How numbers mean: Comparing random walk models of numerical cognition varying both encoding processes and underlying quantity representations

Abstract

How do people derive meaning from numbers? Here, we instantiate the primary theories of numerical representation in computational models and compare simulated performance to human data. Specifically, we fit simulated data to the distributions for correct and incorrect responses, as well as the pattern of errors made, in a traditional "relative quantity" task. The results reveal that no current theory of numerical representation can adequately account for the data without additional assumptions. However, when we introduce repeated, error-prone sampling of the stimulus (e.g., Cohen, 2009) superior fits are achieved when the underlying representation of integers reflects linear spacing with constant variance. These results provide new insights into (i) the detailed nature of mental numerical representation, and, (ii) general perceptual processes implemented by the human visual system.

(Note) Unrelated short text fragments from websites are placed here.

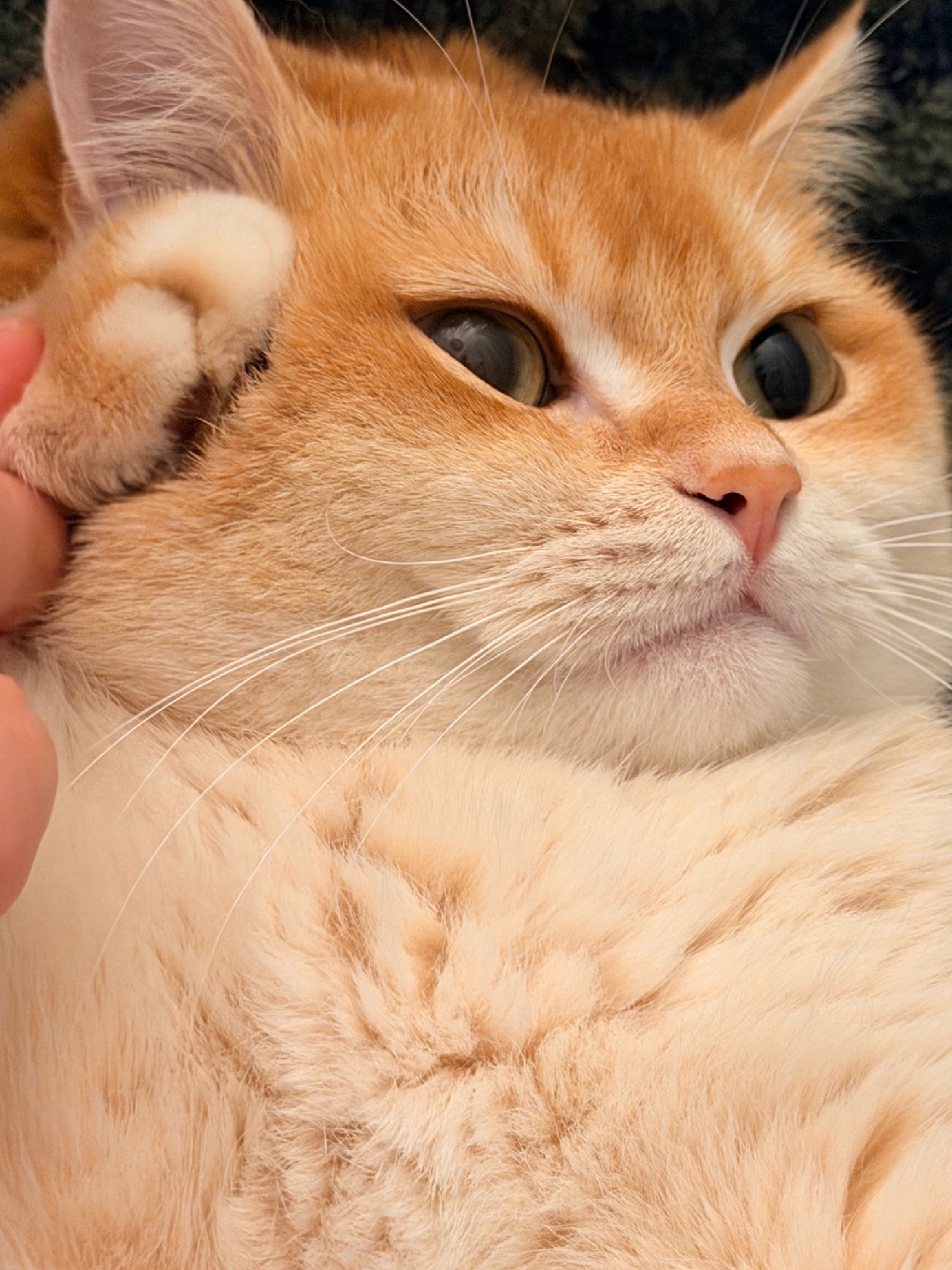 “报告长官，今日份可爱已送达！敬个礼🫡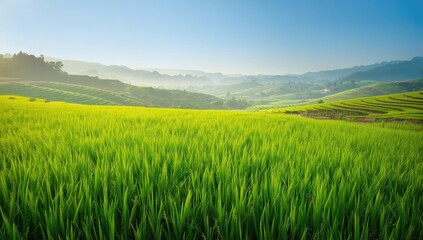 Terraced rice fields in lush environment ecological farming, World Agriculture Day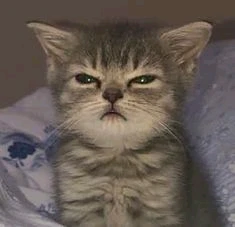 Image uploaded by Michelle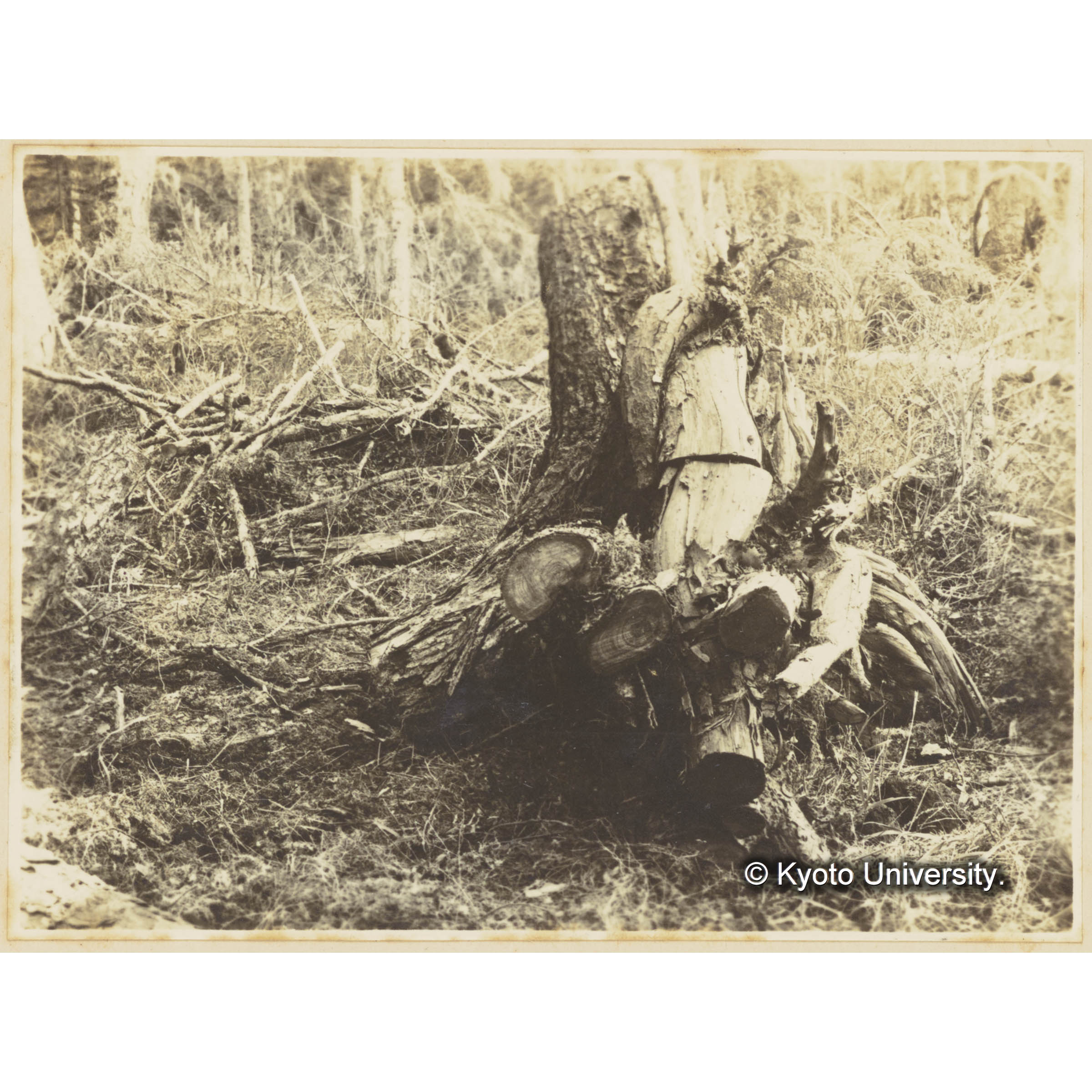 グイマツの根 (3)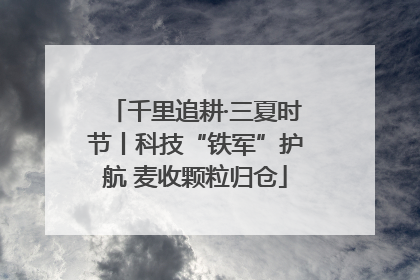 千里追耕·三夏时节丨科技“铁军”护航 麦收颗粒归仓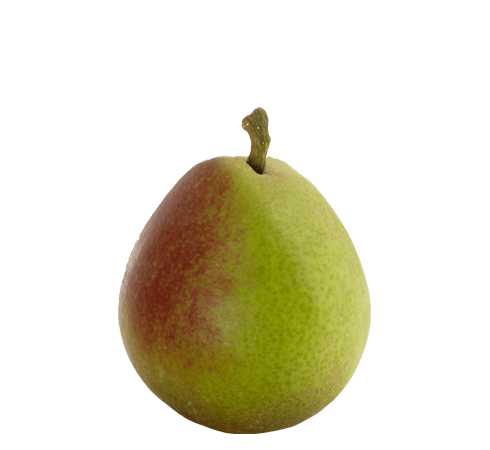 Pear, 'Seckel'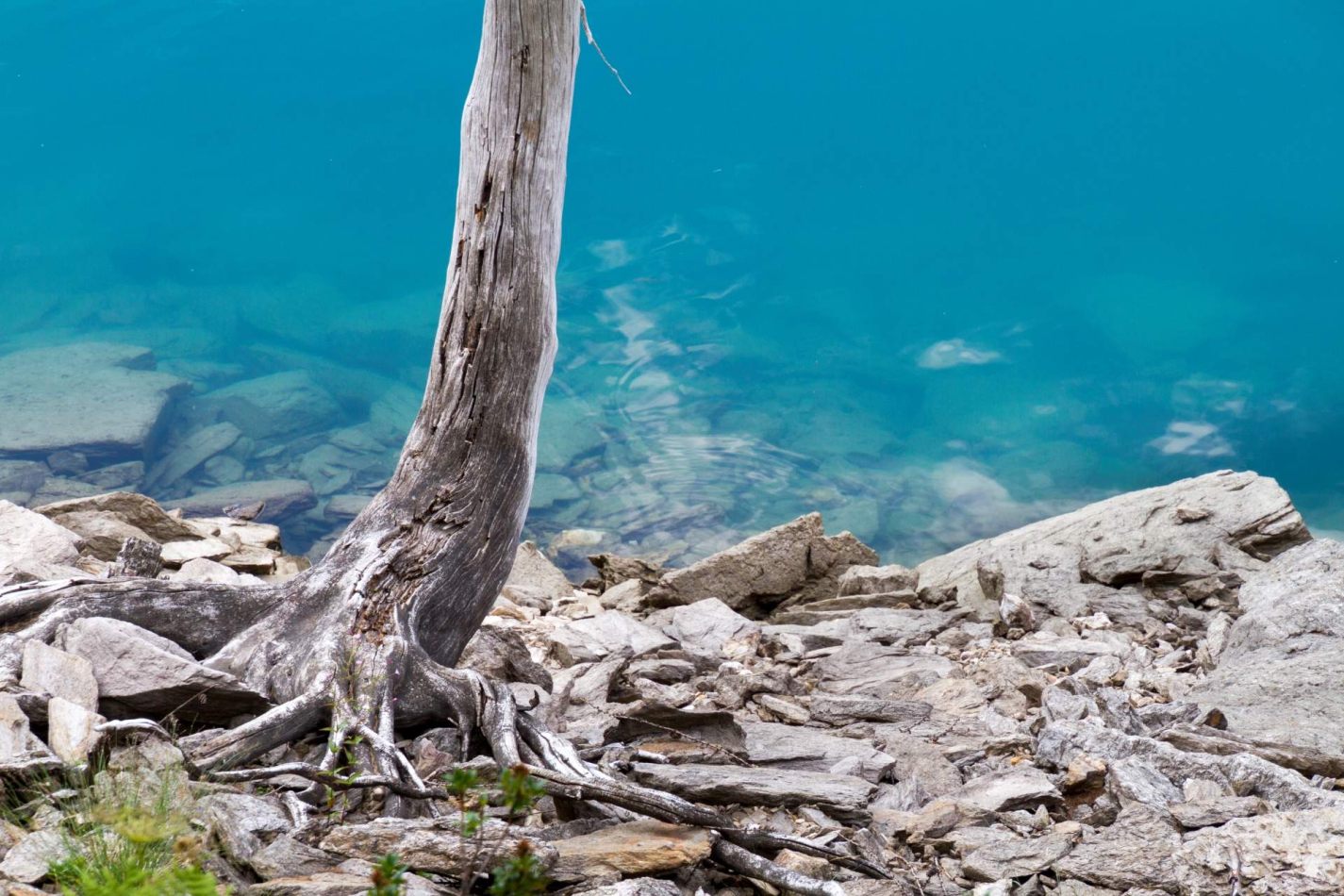 Storvandre: Ritom Lake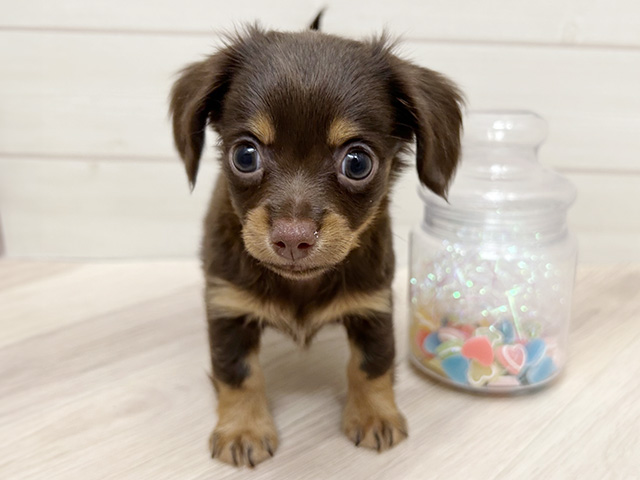 大阪府のチワックス(チワワ×ダックス) (ペッツファーストららぽーと門真店/2025年9月8日生まれ/男の子/チョコレートタン)の子犬の1枚目の画像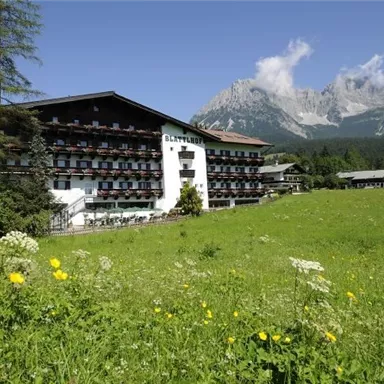 A cozy hotel with balconies, surrounded by a green meadow and mountains in the background. The sky is clear and nature is inviting.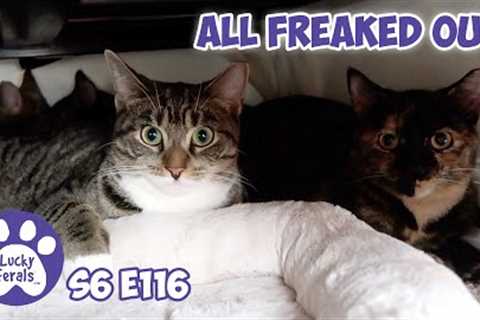 All Freaked Out | S6 E116 | Training Feral Kittens  - Lucky Ferals Cat Family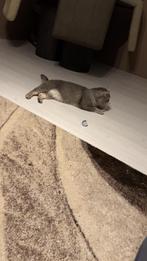 Britse korthaar, Dieren en Toebehoren, Katten en Kittens | Dekkaters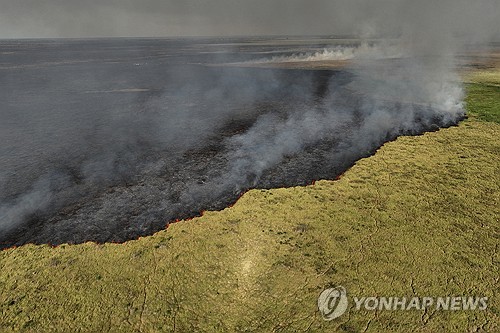 '잿더미 된 생태계'…세계최대습지 판타나우 화재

Keywords: Numerical architecture; Numerical cognition; Numerical distance; Physical similarity; Random walk; Simulation.

Fig. 1

Basic data and key models. (A) Summary data from a typical relative quantity task in which the quantity denoted by a probe digit is compared with “5.” RT is mean reaction time in ms. Open circles indicate human data and ‘+’s indicate the fit provided by the Welford function (Welford, 1960). Two robust effects are (i) the numerical distance effect (NDE) such that RTs are an inverse function of the numerical distance between the two numbers presented and (ii) the size effect (SZE) reflects a monotonically increasing function relating RTs and the quantity denoted by the probe. (B) The three alternative models of the representation of numerical quantities. The x-axis represents the psychological representation of quantity (from small to large); the y-axis represents density. The graphs, from left to right, describe the linear, logarithmic, and scalar variance theories. Please see the text for detailed descriptions.

Fig. 2

A visualization of the PDQs for the number symbols 3, 4, and 5. The x-axis is the psychological representation of quantity (e.g., the mental number-line). The distributions represent the frequencies that each symbol activates a particular psychological quantity. The overlap of the distributions determines the difficulty of distinguishing the quantities of the two symbols. The PDQ for 4 and 5 (A) overlap more than those of 3 and 5 (B). Therefore, 4 is more difficult to distinguish from 5 than 3.

Fig. 3

The random walk process and details of the behavioral data. (A) Schematic representation of the random walk process. The account assumes that both the standard (“S” e.g., “5”) and the probe digit “P” are represented in terms of corresponding Gaussian PDQs (left hand side of the figure). At each step in the walk the information associated with the probe is assessed relative to the distribution of the standard. Evidence accumulates once the stimulus is presented and a decision is made once either the upper or the lower threshold is reached. (B) The left and center panels display the 25th percentiles of the human data from the relative quantity task. The right-most panel displays the error count for each probe.

Fig. 4

The fit statistic, r² (BIC_Z and chi square provides the same results), of the Traditional Encoding and Encoding Error models for the three primary quantity representations. The simulations were simultaneously fit to the correct and error RTs as well as the proportion of error for each probe. The Encoding Error models outperformed the Tradition Encoding models and the Linear Encoding Error Model out performs all other models.

Fig. 5

The summary behavioral data broken down according to the fits of the Traditional Encoding model for the three quantity representations. Open circles indicate human data and filled circles indicate the fit provided by the model. No model fares well when simultaneously fit to the correct RT, error RT, and proportion of errors for each probe.

Fig. 6

The summary behavioral data broken down according to the fits of the Error Encoding model for the three quantity representations. Open circles indicate human data and filled circles indicate the fit provided by the model. All models fare well when simultaneously fit to the correct RT, error RT, and proportion of errors for each probe. The Linear Error Encoding model out performs all other models with an r² = 0.86.

Fig. 7

The importance of encoding in the size effect. (A) Left most panel. Schematic representation of the general framework for thinking about the derivation of number meaning. Encoding works in tandem with the comparison process and continually influences this process. Continuous encoding as shown in the rightmost panel is fundamental to the operation of the linear hybrid account. (B) The mean psychological sense of quantity (Ψ) by the actual quantity (Θ) for digits 1–9 stemming from the underlying Linear Theory representation and the confusions resulting from continuous encoding. The latter influence causes the shift from linearity to the negatively decelerating function present.